Lorsque le travail du lin a disparu des campagnes, certains « kanndi » ont été réutilisés comme lavoirs mais l'apparition des machines à laver a entraîné leur abandon et, peu à peu, leur oubli. Des passionnés les sortent des ronciers et les restaurent pour tous, comme ici l’association Lichen de Commana.

On y accède en empruntant un sentier ombragé sous les pommiers ensauvagés, les prunelliers et les sureaux…

Un joli velouté ensoleillé avec les belles tomates Cornues des Andes de la Ferme de la Vallée, les oignons rosés et l’ail de Biodivy, un voile d’épices à tagine, une poignée d’aromatiques et une lichette d’harissa maison brûlant aux piments de Cayenne…

 SAM_3188

Pour 4 bols fumants et brûlants :

2 Kg de belles tomates Cornues des Andes de la Ferme de la Vallée

Huile d’olive

500 gr d’oignons rosés de Biodivy

6 belles gousses d’ail

Un bouquet de thym frais du jardin

Sel de Guérande

1 belle cuillère à soupe d’épices à tagine (mélange de curcuma, carvi, cumin, gingembre, cannelle, macis, coriandre, poivre blanc, muscade, cardamome, piment doux, girofle)

Eau de source

Un beau bouquet d’aromatiques en mélange (persil plat, coriandre, ciboulette)

 SAM_3128

Plonger les tomates dans une grande quantité d’eau bouillante, les pocher deux minutes puis  les sortir à l’écumoire.
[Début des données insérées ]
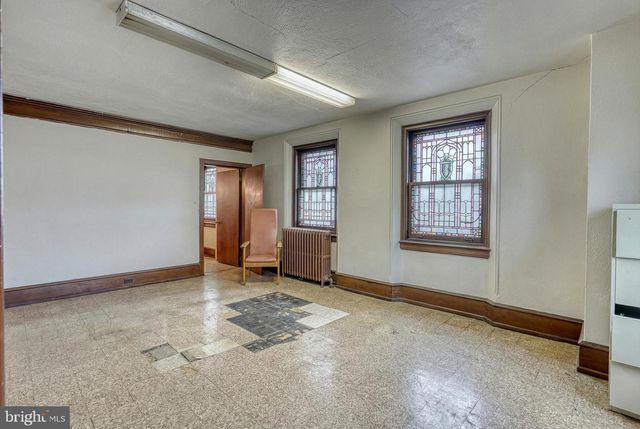 811 E MARKET ST, York, PA 17403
Les peler est à partir de là un jeu d’enfant. Inutile de les épépiner, les Cornus des Andes étant de grosses tomates très parfumées, peu juteuses et contenant très peu de pépins.
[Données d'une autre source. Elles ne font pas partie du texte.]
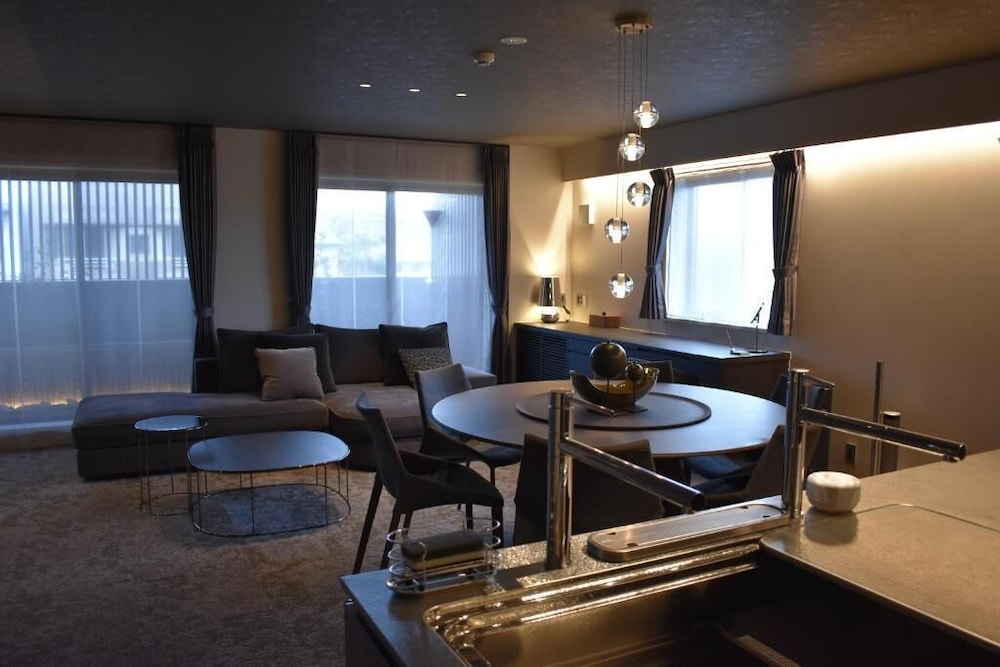 クワッドダブルベッドスイート 客室1 | HOTEL MASTAY 神宮道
Peler et émincer les oignons, écraser au pilon les gousses d’ail.

Dans un faitout à fond épais, faire revenir les oignons dans deux cuillères à soupe d’huile d’olive avec les épices jusqu’à ce qu’ils soient légèrement dorés et tendres. Les épices vont rôtir également et exhaler leurs parfums. Ajouter alors l’ail, les tomates grossièrement hachées au couteau. Bien mélanger à l’aide d’une cuillère en bois et laisser compoter pendant une quinzaine de minutes à découvert. Ajouter le bouquet de thym, saler légèrement, puis verser alors à hauteur de l’eau de source bouillante. Couvrir et laisser cuire à feu doux et à couvert pendant une demi-heure, puis, une dizaine de minutes sans couvercle pour permettre à la soupe d'épaissir.

SAM_3184

Au bout de ce temps, passer l’ensemble au moulin à légumes (ou au mixeur plongeant).

Servir très chaud en versant une belle louchée de velouté sur une poignée d’aromatiques en mélange ciselées. Pour les amateurs d’aventure, ajouter une cuillère d’harissa maison au piment de Cayenne.

S’assoir au bord de la rivière, au pied du kanndi, et profiter du soleil couchant en sirotant ce velouté brûlant et parfumé.